Start of Working data

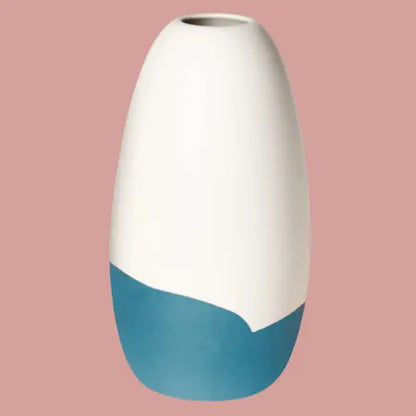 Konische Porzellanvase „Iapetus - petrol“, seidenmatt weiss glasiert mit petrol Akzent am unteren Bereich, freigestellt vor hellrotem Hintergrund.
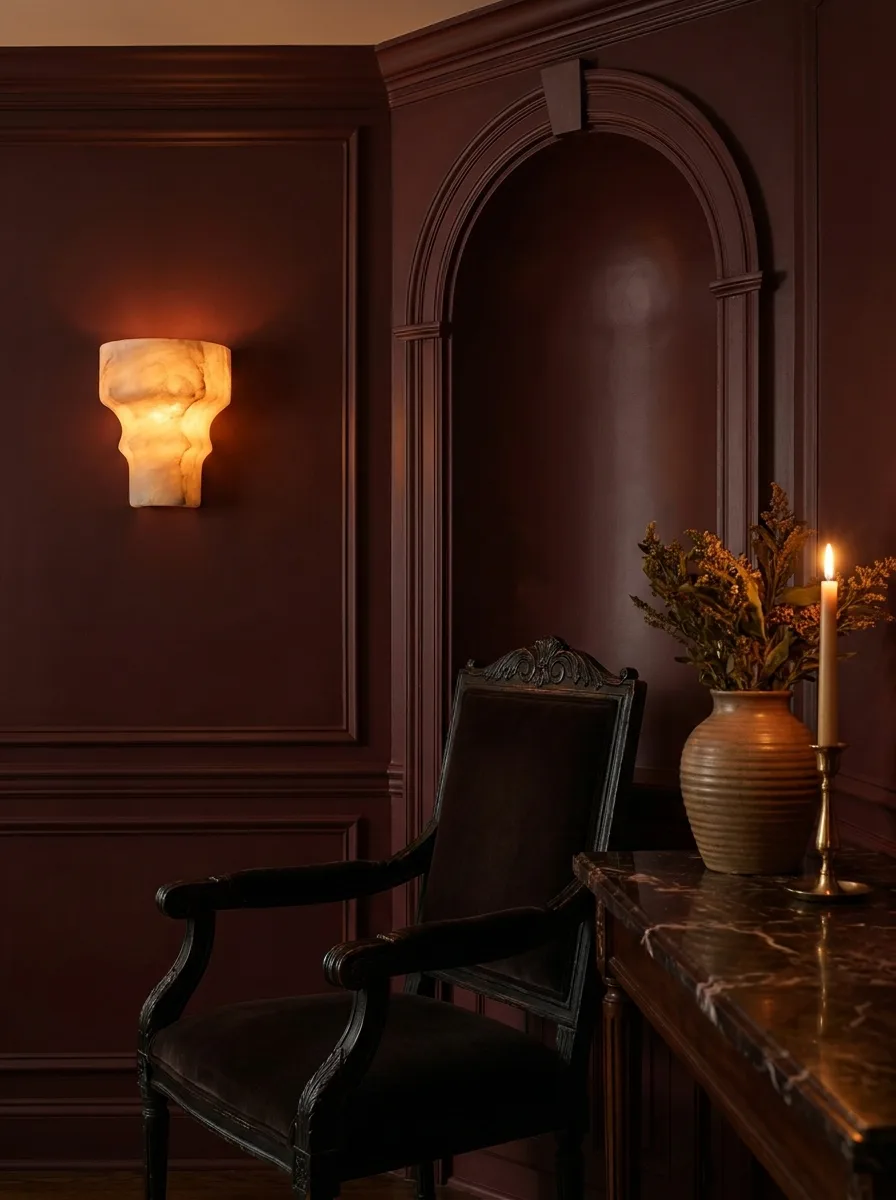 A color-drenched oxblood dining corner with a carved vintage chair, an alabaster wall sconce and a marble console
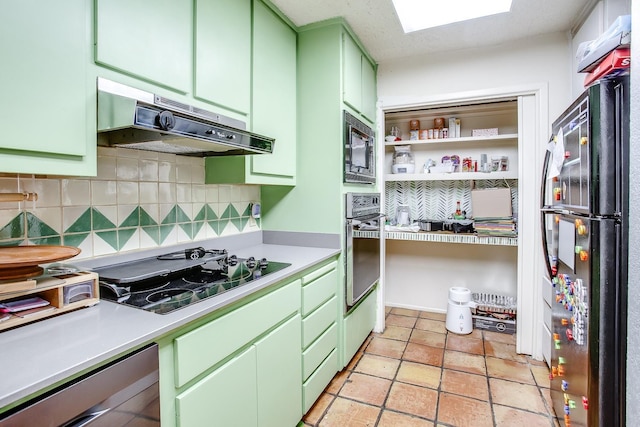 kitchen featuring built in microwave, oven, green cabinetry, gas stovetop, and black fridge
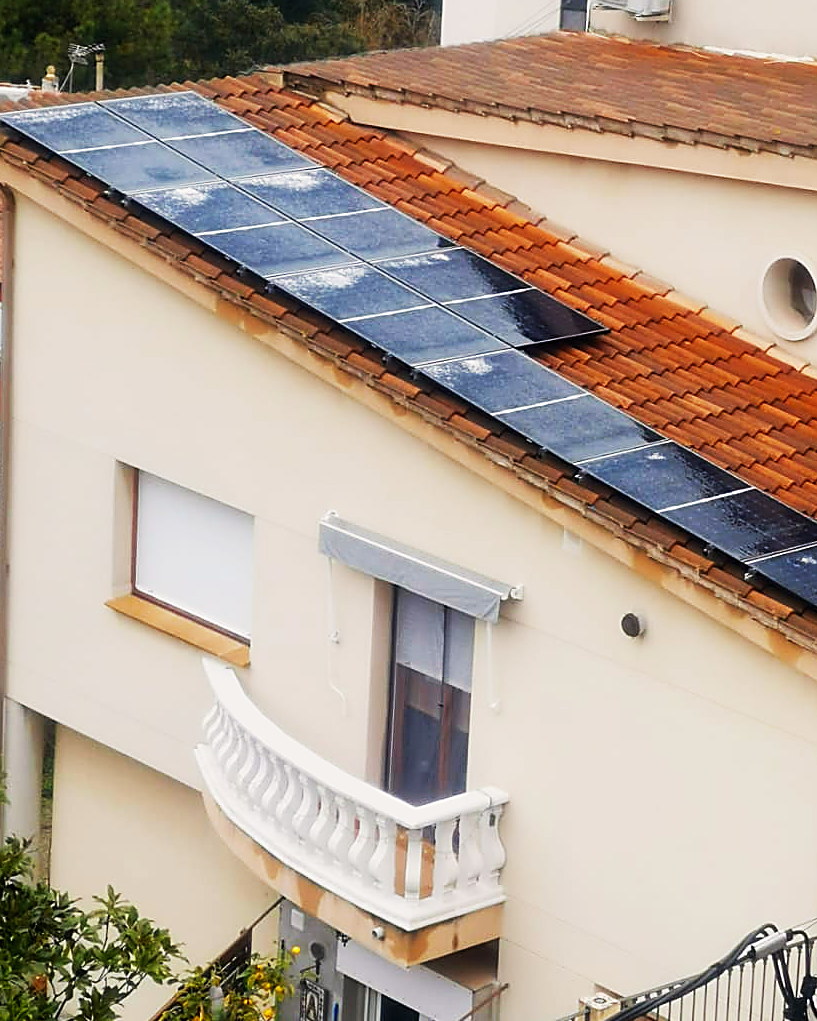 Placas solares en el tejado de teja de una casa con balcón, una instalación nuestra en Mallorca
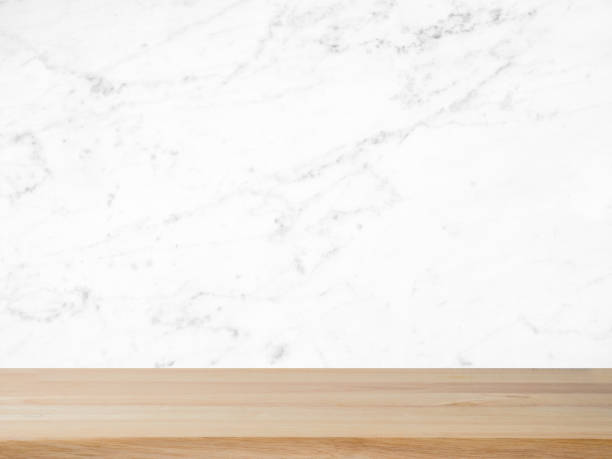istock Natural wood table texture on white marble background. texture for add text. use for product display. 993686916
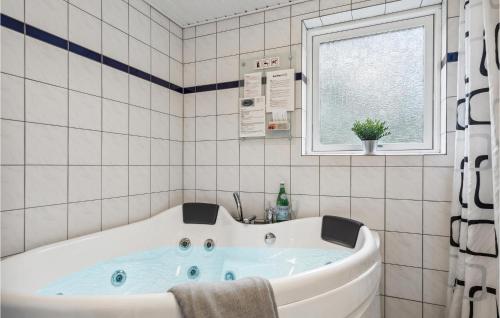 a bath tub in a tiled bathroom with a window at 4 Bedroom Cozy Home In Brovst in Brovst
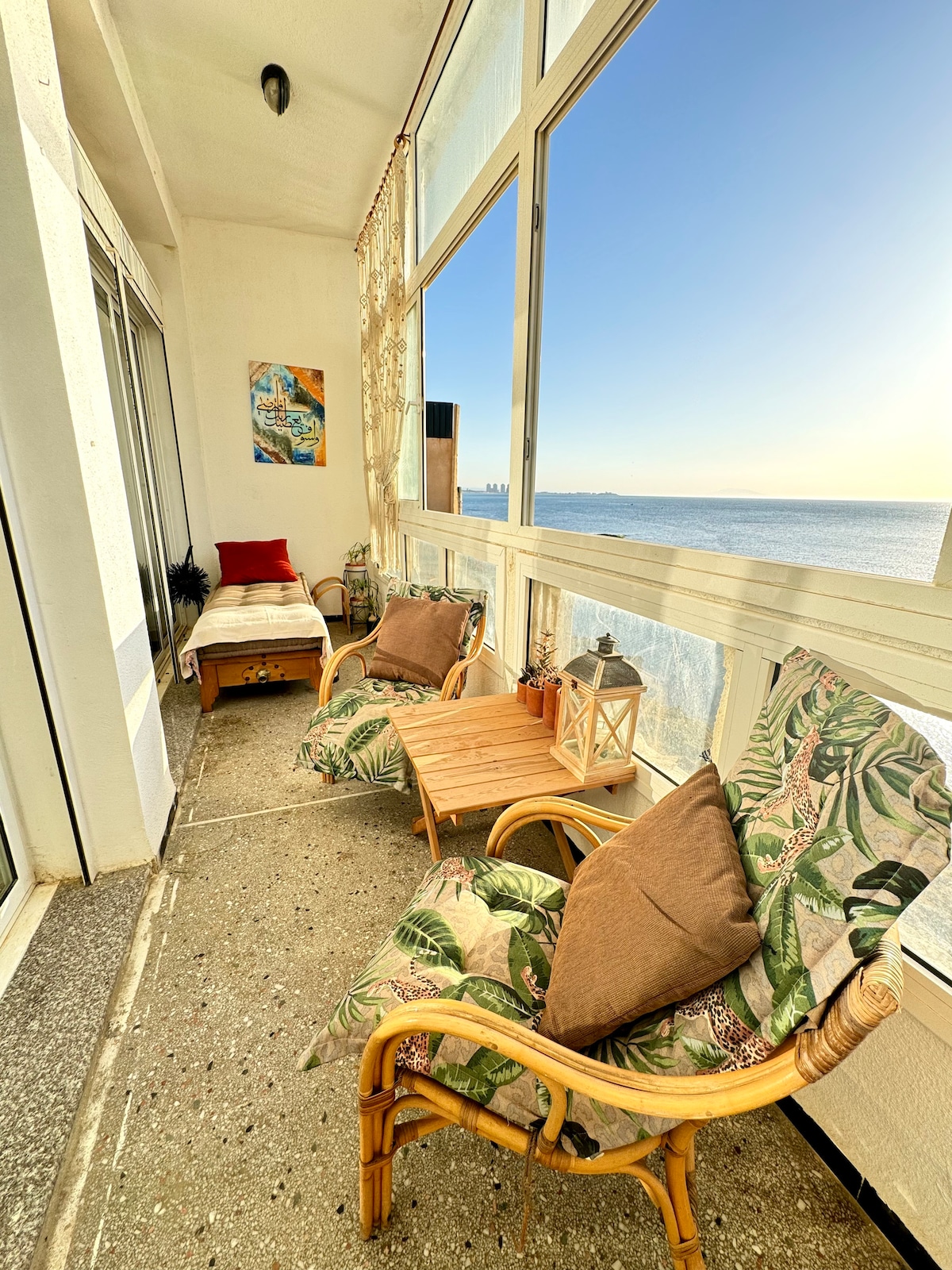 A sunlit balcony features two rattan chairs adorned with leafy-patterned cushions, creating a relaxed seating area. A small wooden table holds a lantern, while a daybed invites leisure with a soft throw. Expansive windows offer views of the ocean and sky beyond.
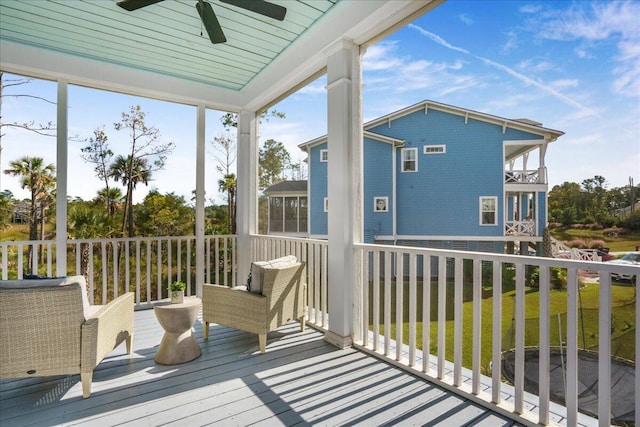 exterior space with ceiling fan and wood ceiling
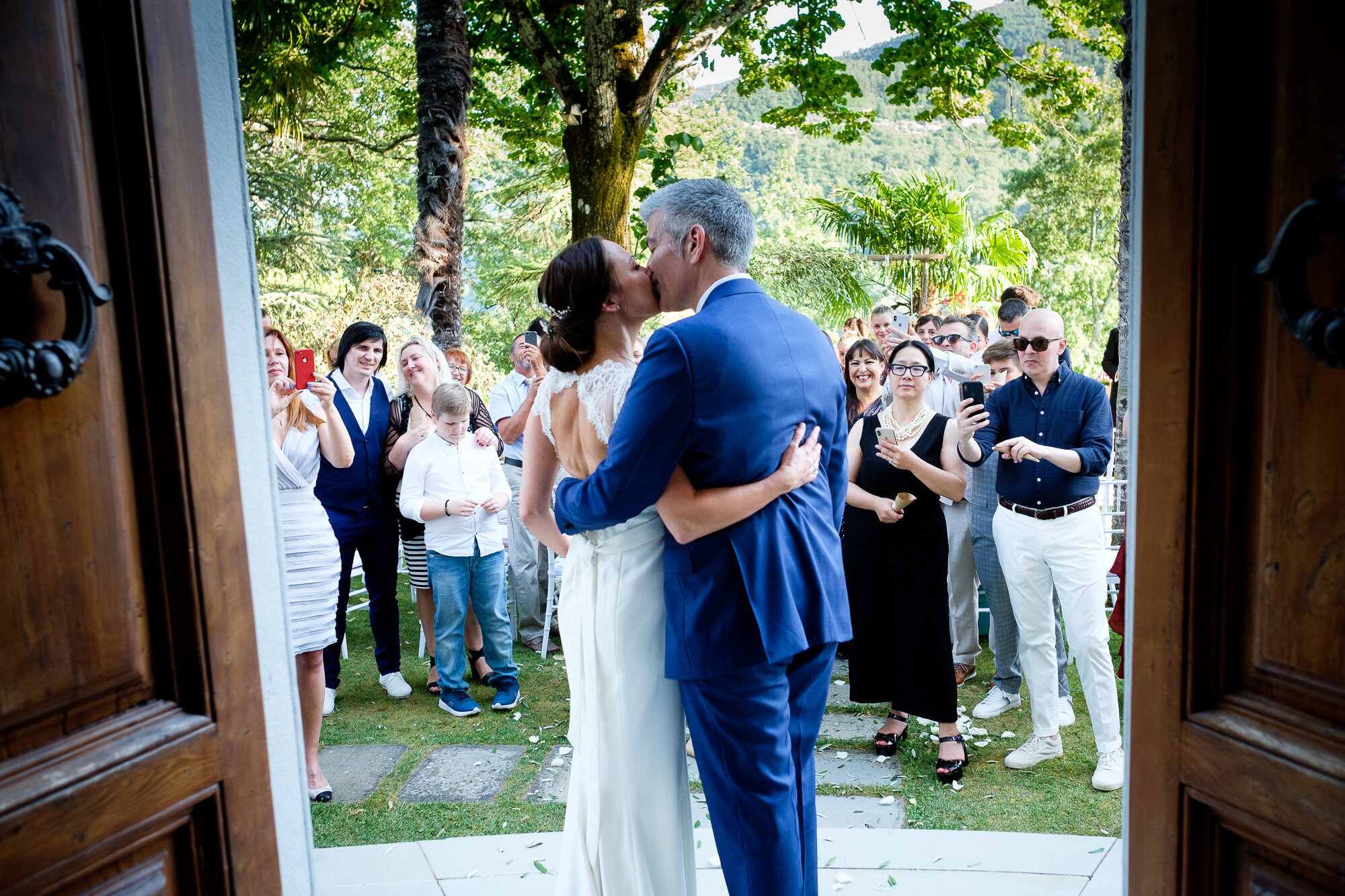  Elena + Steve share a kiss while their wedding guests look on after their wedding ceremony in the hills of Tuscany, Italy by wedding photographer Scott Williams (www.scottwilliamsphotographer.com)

End of Working data

Restate each entry word for word; pictures stay out of the copy.

 Konische Porzellanvase „Iapetus - petrol“, seidenmatt weiss glasiert mit petrol Akzent am unteren Bereich, freigestellt vor hellrotem Hintergrund.
 A color-drenched oxblood dining corner with a carved vintage chair, an alabaster wall sconce and a marble console
 kitchen featuring built in microwave, oven, green cabinetry, gas stovetop, and black fridge
 Placas solares en el tejado de teja de una casa con balcón, una instalación nuestra en Mallorca
istock Natural wood table texture on white marble background. texture for add text. use for product display. 993686916
 a bath tub in a tiled bathroom with a window at 4 Bedroom Cozy Home In Brovst in Brovst
 A sunlit balcony features two rattan chairs adorned with leafy-patterned cushions, creating a relaxed seating area. A small wooden table holds a lantern, while a daybed invites leisure with a soft throw. Expansive windows offer views of the ocean and sky beyond.
 exterior space with ceiling fan and wood ceiling
  Elena + Steve share a kiss while their wedding guests look on after their wedding ceremony in the hills of Tuscany, Italy by wedding photographer Scott Williams (www.scottwilliamsphotographer.com)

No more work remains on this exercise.